▶ **WHAT THE TASK ASKS**: Your answer must restate each entry below word for word, with no pictures in it.

▶ **MATERIALS PROVIDED**:
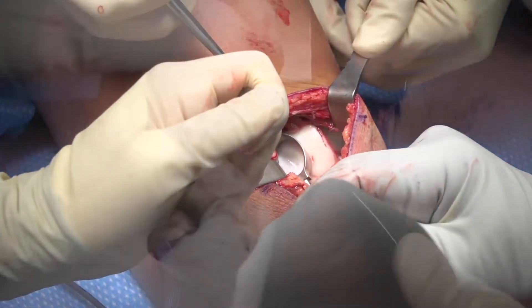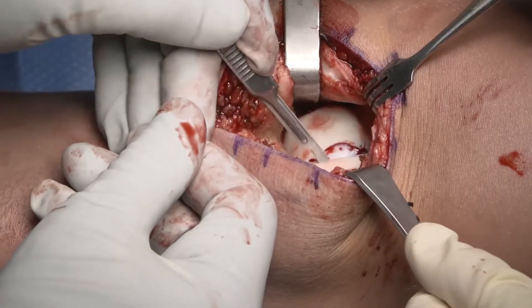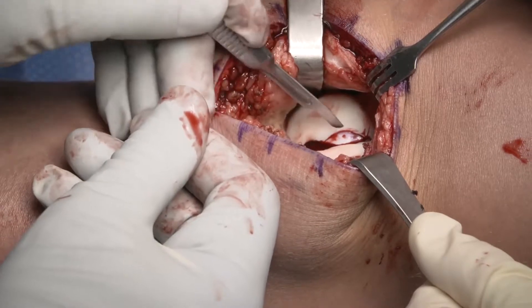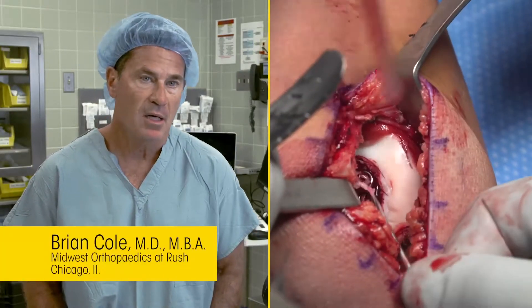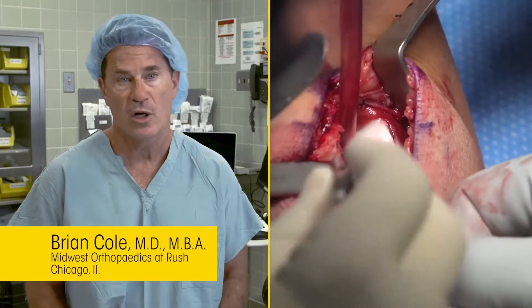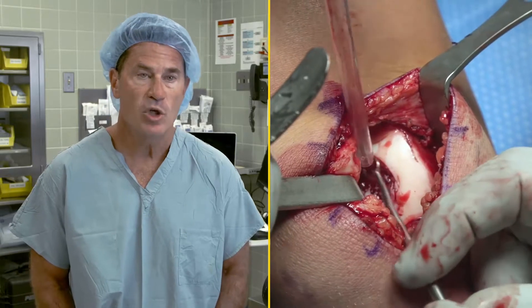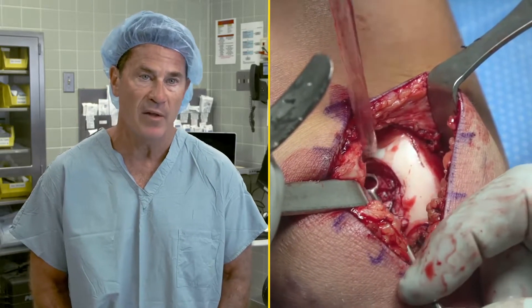Once we scored with the custom cutting guide, we use a 15 blade to start to debride the fibrocartilage and surrounding damaged cartilage up to the adjacent normal margin. We'll use a ring curette to maintain the vertical walls that the custom cutting guide established and go down to the calcified layer. We do our best not to violate that area in any significant way to minimize the amount of bleeding that can occur.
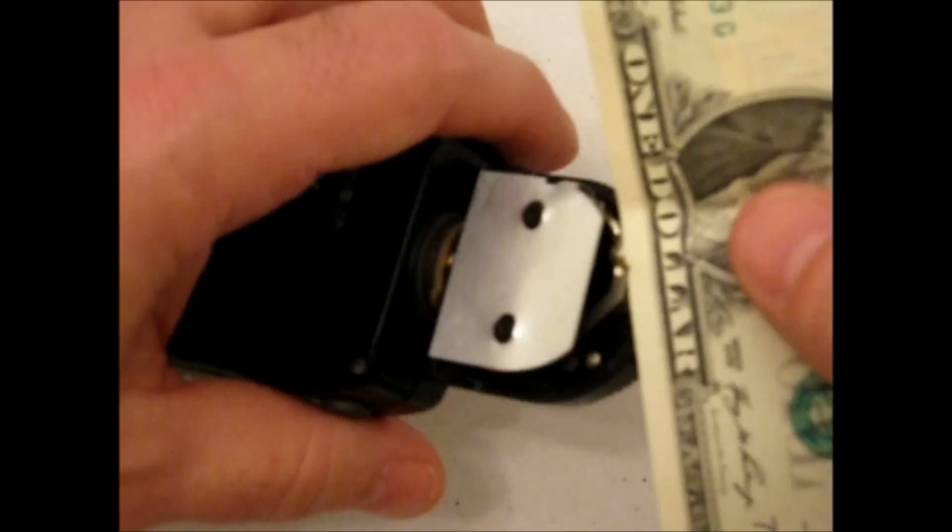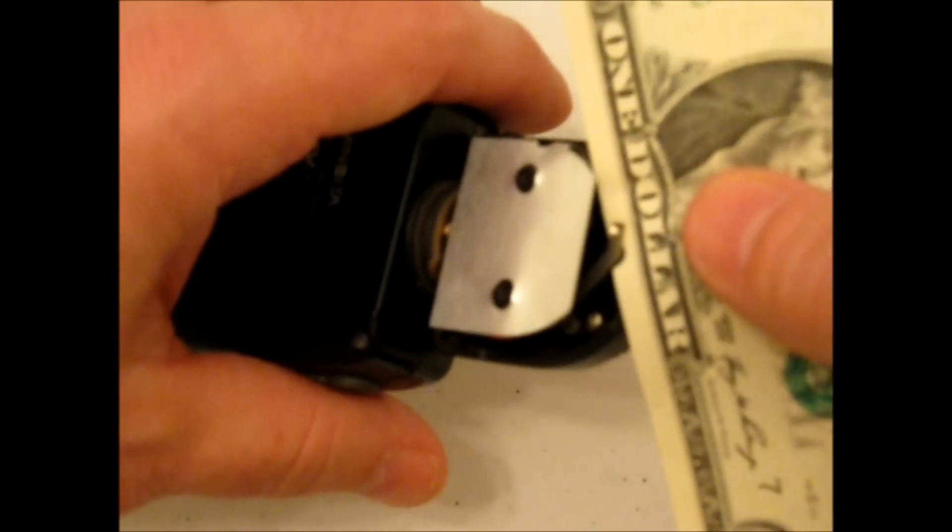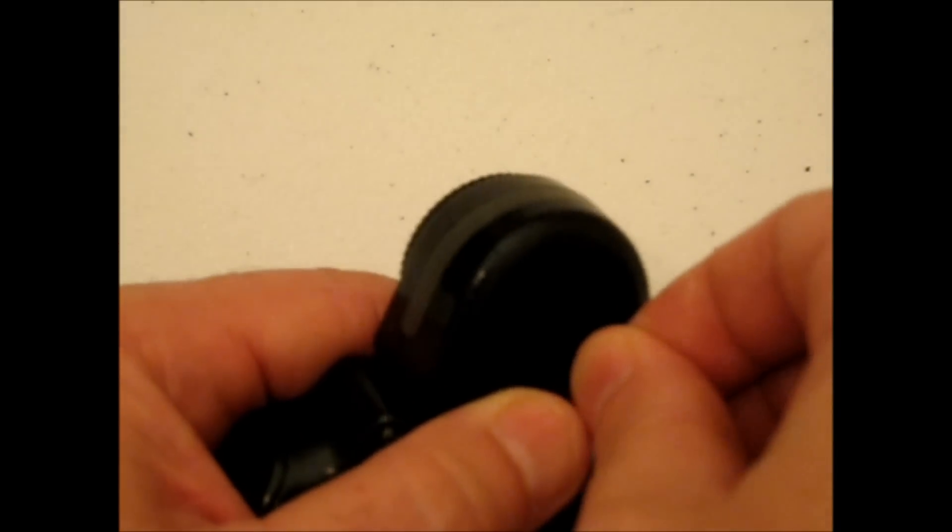Just take a crisp dollar bill, slide it in between the only connection that's back there, give it a little rub, pull it out, throw your cap back on, and you are going to be calibrated.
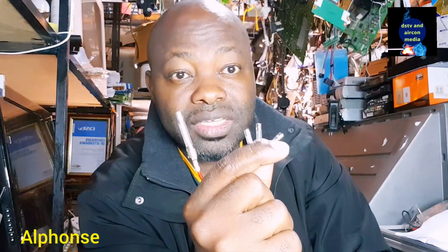Welcome again to this channel. My name is Alphonse Foucault. Welcome to the channel of technicians, entrepreneurs, and business people. On this video, I will teach you how to test the fuse.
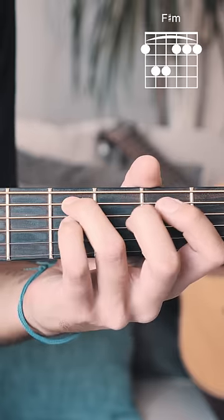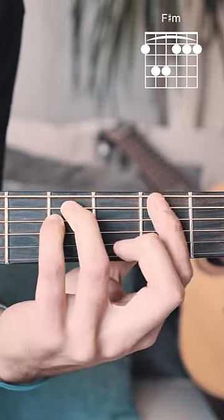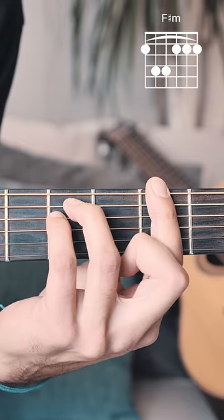Here's how you play an F-sharp minor chord on guitar. Start by putting your ring finger on the fourth fret of the A string, your pinky on the fourth fret of the D string, and then bar the entire second fret with your pointer finger. Strum from E string down.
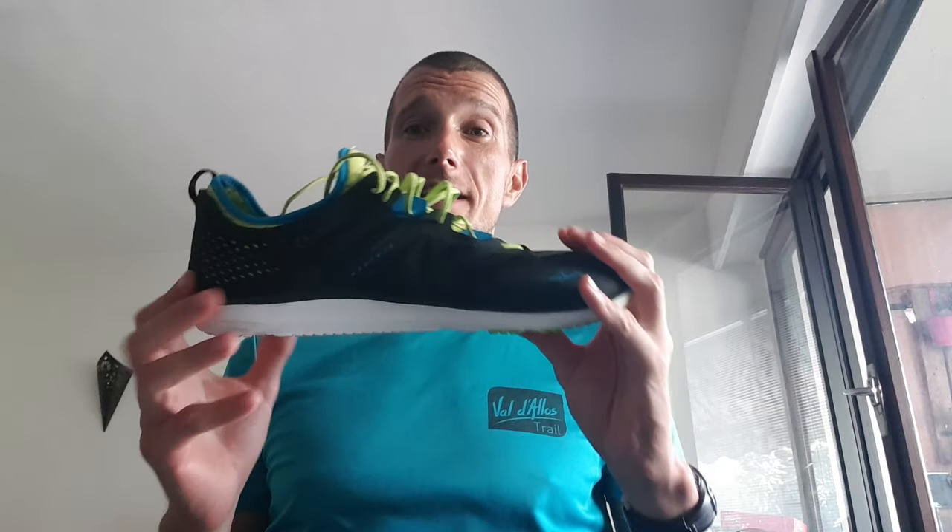The shoe has Altra's Max LT new ultra foam cushioning, which is actually great for absorbing shocks. Moving to the upper, it's a very different upper from what you see in other shoes.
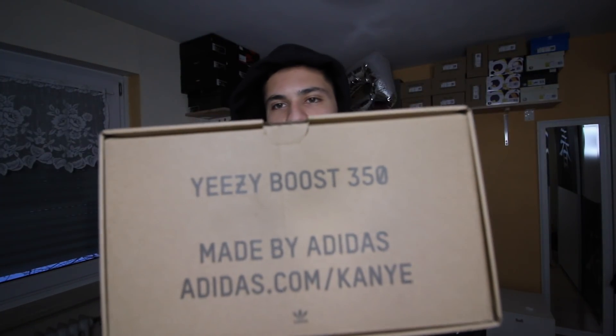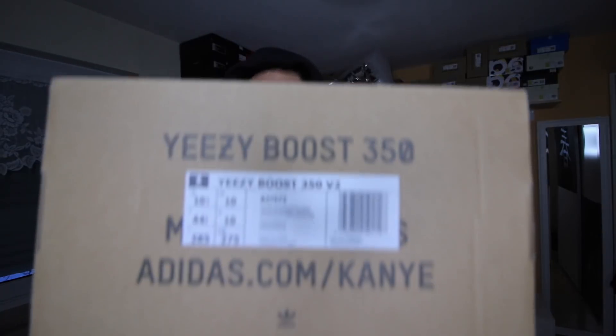Let's start with the box. The box is the usual 350 box. We got '350' on the top. If you don't know, the boost is on the side. On this side we got nothing. On the other side we got 'Yeezy Boost 350,' made by Adidas, and the website. And here we got the size tag.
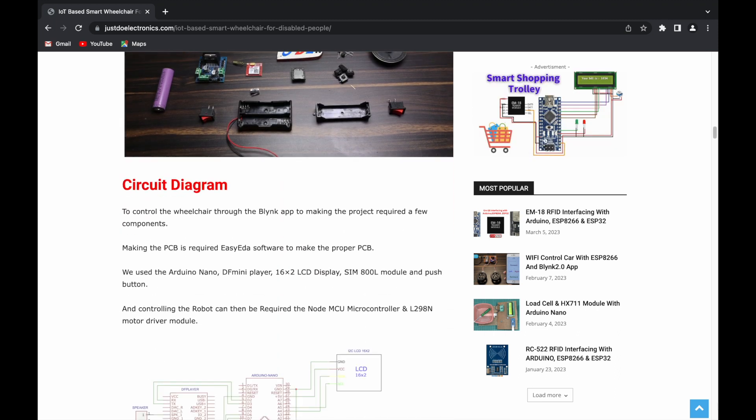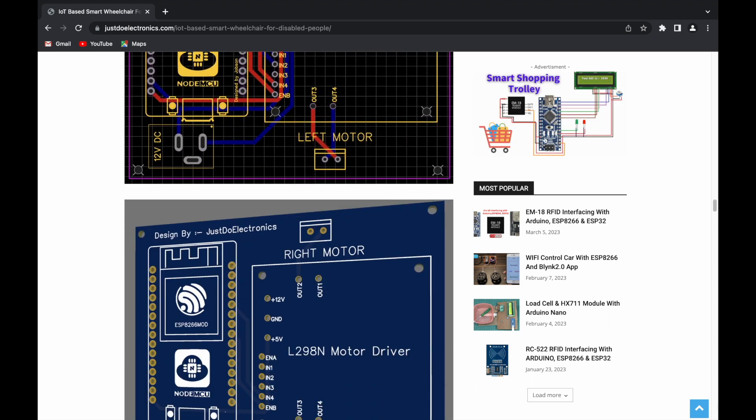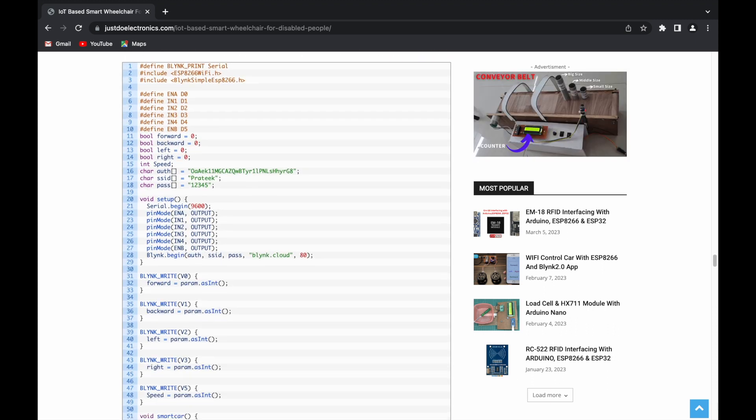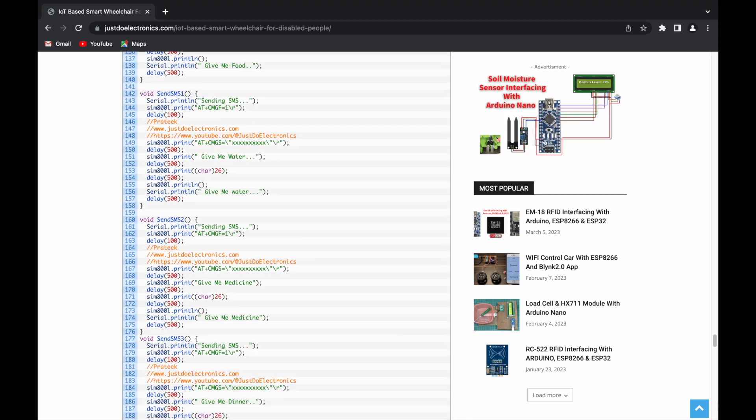If you want to make this project yourself, please visit the website www.justdoelectronics.com — I will provide all the details there, including the circuit diagram, code, wiring diagram, and everything you need.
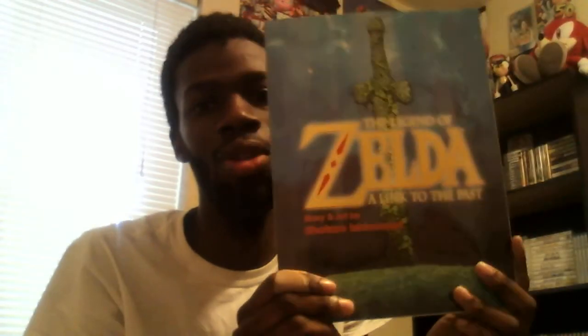Oh my gosh, that is the Legend of Zelda: A Link to the Past comic, based off the game. VIZ Media re-released this comic, and Nintendo Power Magazine used to run this comic back in 1992 when the game came out. So this is a comic slash manga based on the adaptation of the game.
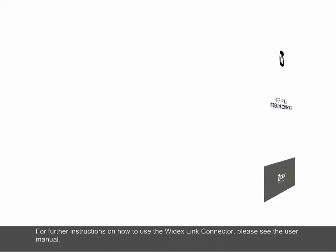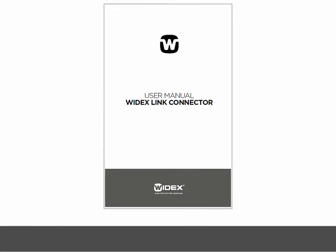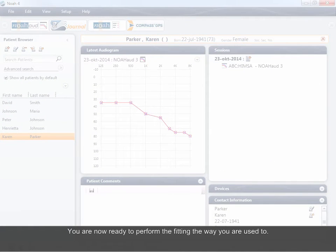For further instructions on how to use the Widex Link Connector, please see the user manual. You are now ready to perform the fitting the way you are used to.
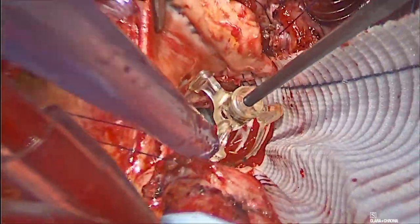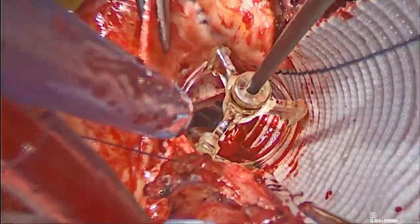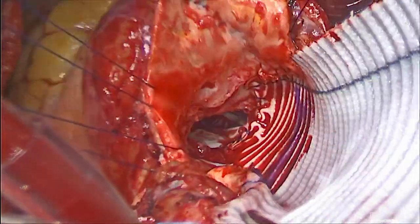When this was completed, valve sizing was done again. As illustrated, we were able to fit the size 25 valve very easily.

▶ **ANSWER SPACE**:
Once we scored with the custom cutting guide, we use a 15 blade to start to debride the fibrocartilage and surrounding damaged cartilage up to the adjacent normal margin. We'll use a ring curette to maintain the vertical walls that the custom cutting guide established and go down to the calcified layer. We do our best not to violate that area in any significant way to minimize the amount of bleeding that can occur.
Just take a crisp dollar bill, slide it in between the only connection that's back there, give it a little rub, pull it out, throw your cap back on, and you are going to be calibrated.
Welcome again to this channel. My name is Alphonse Foucault. Welcome to the channel of technicians, entrepreneurs, and business people. On this video, I will teach you how to test the fuse.
Here's how you play an F-sharp minor chord on guitar. Start by putting your ring finger on the fourth fret of the A string, your pinky on the fourth fret of the D string, and then bar the entire second fret with your pointer finger. Strum from E string down.
The shoe has Altra's Max LT new ultra foam cushioning, which is actually great for absorbing shocks. Moving to the upper, it's a very different upper from what you see in other shoes.
Let's start with the box. The box is the usual 350 box. We got '350' on the top. If you don't know, the boost is on the side. On this side we got nothing. On the other side we got 'Yeezy Boost 350,' made by Adidas, and the website. And here we got the size tag.
If you want to make this project yourself, please visit the website www.justdoelectronics.com — I will provide all the details there, including the circuit diagram, code, wiring diagram, and everything you need.
Oh my gosh, that is the Legend of Zelda: A Link to the Past comic, based off the game. VIZ Media re-released this comic, and Nintendo Power Magazine used to run this comic back in 1992 when the game came out. So this is a comic slash manga based on the adaptation of the game.
For further instructions on how to use the Widex Link Connector, please see the user manual. You are now ready to perform the fitting the way you are used to.
When this was completed, valve sizing was done again. As illustrated, we were able to fit the size 25 valve very easily.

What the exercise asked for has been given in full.